Member of the Texas House of Representatives
- In office April 18, 1876 – January 14, 1879
- Constituency: 15th district
- In office August 6, 1866 – February 7, 1870
- Constituency: 11th district

Personal details
- Born: Thomas Reuben Bonner September 11, 1838 Holmes County, Mississippi, U.S.
- Died: August 30, 1891 (aged 52) Tyler, Texas, U.S.
- Party: Democratic

= Thomas Reuben Bonner =

American politician (1838–1891)

Thomas Reuben Bonner was an American jurist and Speaker of the Texas House of Representatives for the 15th Texas Legislature.

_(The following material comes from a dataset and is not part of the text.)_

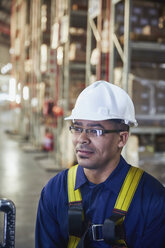 Arbeiter mit Schutzhelm schaut in einem Auslieferungslager weg - HOXF02844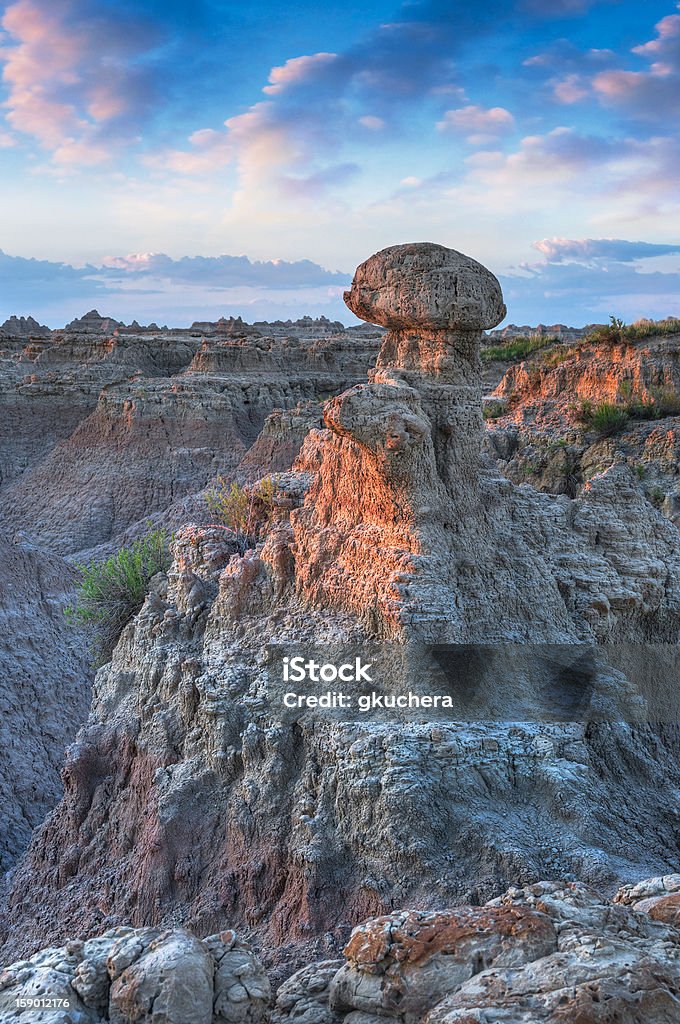 The Hoodoo The Hoodoo - lit up by sunrise in Badlands National Park of South Dakota, USA South Dakota Stock Photo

Throughout his career, he was also a ferry operator, journalist, soldier, and banker.

== Biography ==

Bonner was born in Holmes County, Mississippi on September 11, 1838. He moved to Marshall, Texas with his family in 1849. He began working as an apprentice for the Cherokee Sentinel at the age of 12. He worked for the paper for four years while operating his family's ferry. Bonner served in the American Civil War, raising a company in 1862 which joined forces with the 18th Texas Infantry Regiment. He fought in the Battle of Saline, after which he was promoted to colonel. After the war, he moved back to Marshall where he continued his work as a printer and also studied law. He was admitted to the State Bar of Texas in 1867 and moved to Tyler, Texas in 1872.

After moving to Tyler, Bonner worked as a banker, railroad director, and financier. In 1876, Bonner was elected to the Texas Legislature and was Speaker of the Texas House of Representatives.

== Personal life ==

Bonner was married twice and had two sons. He died on August 30, 1891. Bonner Elementary School in Tyler, Texas was named after him. He was a practicing Mason and the 37th Grand Master in Texas.